▼
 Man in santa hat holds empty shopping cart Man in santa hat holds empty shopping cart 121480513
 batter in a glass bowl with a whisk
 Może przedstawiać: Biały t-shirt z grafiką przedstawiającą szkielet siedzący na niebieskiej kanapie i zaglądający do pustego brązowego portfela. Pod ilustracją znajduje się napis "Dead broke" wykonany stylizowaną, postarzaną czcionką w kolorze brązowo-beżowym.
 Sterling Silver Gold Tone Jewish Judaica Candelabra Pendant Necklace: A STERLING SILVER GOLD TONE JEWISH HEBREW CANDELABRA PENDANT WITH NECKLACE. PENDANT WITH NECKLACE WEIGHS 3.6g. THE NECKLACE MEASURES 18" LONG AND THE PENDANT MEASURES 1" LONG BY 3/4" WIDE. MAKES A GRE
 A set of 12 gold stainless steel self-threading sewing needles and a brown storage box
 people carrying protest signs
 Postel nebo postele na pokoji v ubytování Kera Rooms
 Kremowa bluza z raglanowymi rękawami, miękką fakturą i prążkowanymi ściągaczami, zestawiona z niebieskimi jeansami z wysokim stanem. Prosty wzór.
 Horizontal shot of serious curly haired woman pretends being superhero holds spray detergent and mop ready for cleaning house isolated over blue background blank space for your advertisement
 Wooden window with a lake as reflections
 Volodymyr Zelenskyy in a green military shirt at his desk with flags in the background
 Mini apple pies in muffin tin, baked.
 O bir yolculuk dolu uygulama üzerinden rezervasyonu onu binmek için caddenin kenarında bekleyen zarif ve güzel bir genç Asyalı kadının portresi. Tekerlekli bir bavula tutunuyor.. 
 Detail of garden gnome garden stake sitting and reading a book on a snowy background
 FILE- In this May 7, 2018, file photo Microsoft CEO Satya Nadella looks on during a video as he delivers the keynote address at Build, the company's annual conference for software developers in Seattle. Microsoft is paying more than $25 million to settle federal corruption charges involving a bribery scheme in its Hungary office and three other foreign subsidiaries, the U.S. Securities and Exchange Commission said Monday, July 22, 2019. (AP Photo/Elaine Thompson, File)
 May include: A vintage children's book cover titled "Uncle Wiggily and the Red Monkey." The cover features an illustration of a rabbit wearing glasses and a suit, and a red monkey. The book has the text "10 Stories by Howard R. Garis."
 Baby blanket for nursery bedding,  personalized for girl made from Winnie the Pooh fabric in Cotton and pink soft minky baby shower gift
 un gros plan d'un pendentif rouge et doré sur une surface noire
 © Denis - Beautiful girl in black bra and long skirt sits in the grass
▲
> _Exercise goal_
When you come to the line containing "Detail of garden", give it and stop; before that, repeat each line of the material exactly from the first one.

> _Output below_
 Man in santa hat holds empty shopping cart Man in santa hat holds empty shopping cart 121480513
 batter in a glass bowl with a whisk
 Może przedstawiać: Biały t-shirt z grafiką przedstawiającą szkielet siedzący na niebieskiej kanapie i zaglądający do pustego brązowego portfela. Pod ilustracją znajduje się napis "Dead broke" wykonany stylizowaną, postarzaną czcionką w kolorze brązowo-beżowym.
 Sterling Silver Gold Tone Jewish Judaica Candelabra Pendant Necklace: A STERLING SILVER GOLD TONE JEWISH HEBREW CANDELABRA PENDANT WITH NECKLACE. PENDANT WITH NECKLACE WEIGHS 3.6g. THE NECKLACE MEASURES 18" LONG AND THE PENDANT MEASURES 1" LONG BY 3/4" WIDE. MAKES A GRE
 A set of 12 gold stainless steel self-threading sewing needles and a brown storage box
 people carrying protest signs
 Postel nebo postele na pokoji v ubytování Kera Rooms
 Kremowa bluza z raglanowymi rękawami, miękką fakturą i prążkowanymi ściągaczami, zestawiona z niebieskimi jeansami z wysokim stanem. Prosty wzór.
 Horizontal shot of serious curly haired woman pretends being superhero holds spray detergent and mop ready for cleaning house isolated over blue background blank space for your advertisement
 Wooden window with a lake as reflections
 Volodymyr Zelenskyy in a green military shirt at his desk with flags in the background
 Mini apple pies in muffin tin, baked.
 O bir yolculuk dolu uygulama üzerinden rezervasyonu onu binmek için caddenin kenarında bekleyen zarif ve güzel bir genç Asyalı kadının portresi. Tekerlekli bir bavula tutunuyor.. 
 Detail of garden gnome garden stake sitting and reading a book on a snowy background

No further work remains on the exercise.